Under the proposal considered this week, the three entities would create a Pool Board, which would have one member from each of the three groups. The board would recommend an annual budget plus capital projects for the pool, as well as any changes in its operations, its closure, sale or privatization.
The City Council, county commissioners and school board members would all have to agree to any of those recommendations before they can be implemented. If there is not a mutual agreement on the budget for any given year, then it would revert to the budget of the previous year.
County Commissioner Rose Pugliese has made it clear she wants to use the new agreement to look for ways to turn all or part of the pool’s functions over to private businesses. It’s fine to solicit private interests for operating the pool or providing some of its needs. But the county shouldn’t start from the assumption that private contractors will unquestionably be able to provide less costly or more efficient services.
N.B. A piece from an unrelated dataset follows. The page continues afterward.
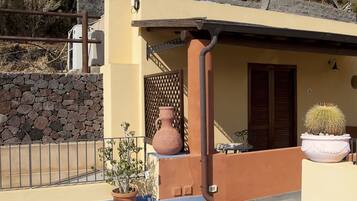 Exterior del Hotel Apinnata, con un muro de piedra, un patio con baldosas y un cactus en maceta.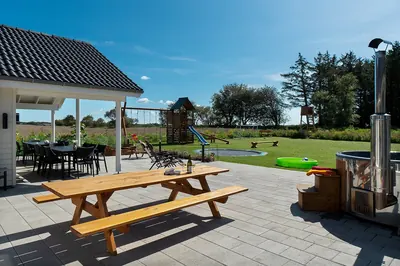 Den overdækkede terrasse med langbord og udendørs badetønde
As Commissioner Steve Acquafresca pointed out, that didn’t work so well when the county opted to use a private business to handle scheduling at the Long Family Memorial Park.
And we hope the three entities don’t consider selling the pool outright, because that could lead to its eventual closure without public input.
The Orchard Mesa pool was intended from the first to be a community asset, providing recreation and exercise to individuals and families. It was not designed to be a for-profit business.
We hope the new agreement allows it to continue swimming steadily along for many years to come.